# China show pigeon baby



## changyujie (Mar 12, 2006)

do you like? 韩立培育.


----------



## TAWhatley (Mar 6, 2001)

They are beautiful! What kind of pigeon are they? Welcome to the Pigeon-Talk board, by the way. It's nice to have you here.

Terry


----------



## changyujie (Mar 12, 2006)

*thanks*

thanks my friend. It's chinese "豆眼白""两头紫"."douyanbai""liangtouzi".


----------



## Pigeonpal2002 (Jul 27, 2002)

Hi Changyujie and welcome to the forum!

Your little chinese show pigeon chicks are so cute, very unusual beaks and ceres! Great looking group of birds!


----------



## TAWhatley (Mar 6, 2001)

So, the breed name is "China Show Pigeon"?? Not finding any references to that .. just curious.

Still very, very beautiful birds.

Terry


----------



## Lovebirds (Sep 6, 2002)

OMG...........how cute!!! I WANT one!!! LOL Do you have any pictures of the adults? Welcome by the way.


----------



## Camrron (Dec 19, 2005)

Now those are sweet looking little fatties aren't they. Very nice.

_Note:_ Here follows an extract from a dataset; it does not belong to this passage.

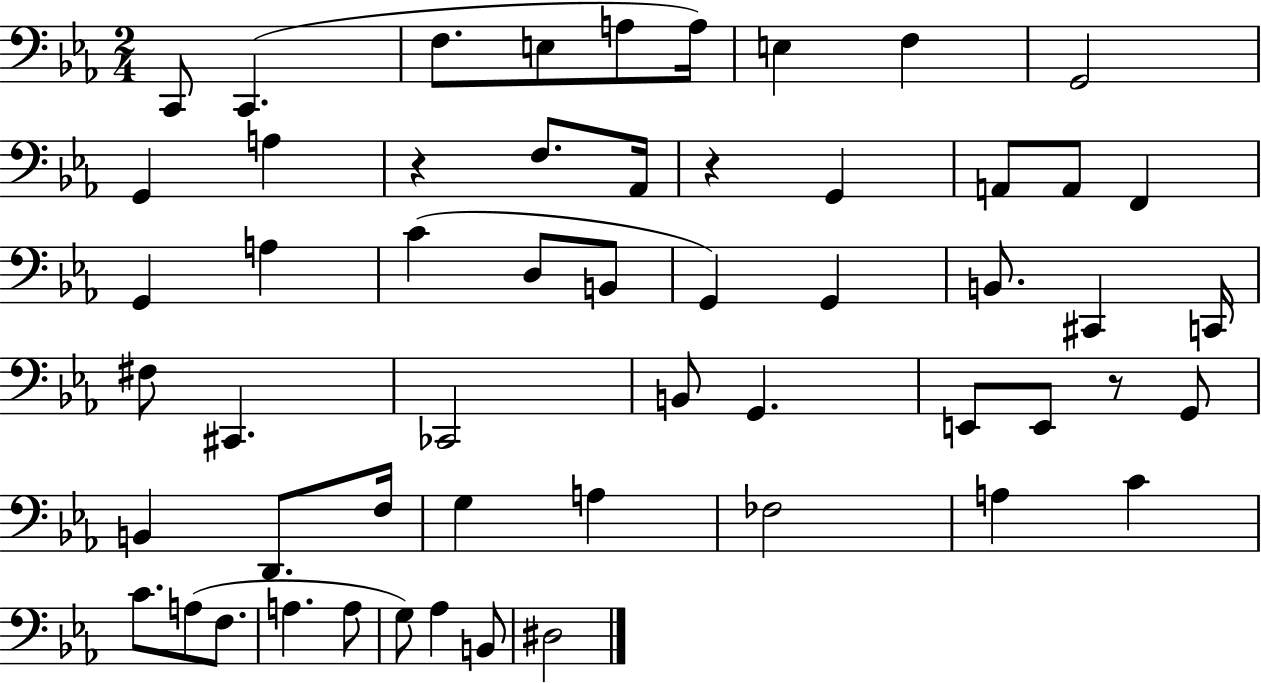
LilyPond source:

Can they fly when they grow up or are they a flightless pigeon.

Cameron


----------



## pigeonmama (Jan 9, 2005)

In a way, I love the picture, sweet babies, and I know I sound silly, but did any one else feel any concern for these babies to be perched so precariously on a ? wall with nothing to prevent them from falling what appeared to be quite a distance?
Daryl


----------



## changyujie (Mar 12, 2006)

*thanks*

Thanks everyone, I love pigeon, love everyting about pigeons. my Englishi is very poor,sory , by the way, plese help me improve my language ability! my friends ,thanks


----------



## Skyeking (Jan 17, 2003)

pigeonmama said:


> In a way, I love the picture, sweet babies, and I know I sound silly, but did any one else feel any concern for these babies to be perched so precariously on a ? wall with nothing to prevent them from falling what appeared to be quite a distance?
> Daryl



 Yes, I am very concerned.


Hello changyujie,

The babies are just too cute, please put our minds at rest, that the babies are not sitting on that wall anymore, and won't be. I can't get the thought of them falling out of my mind.


----------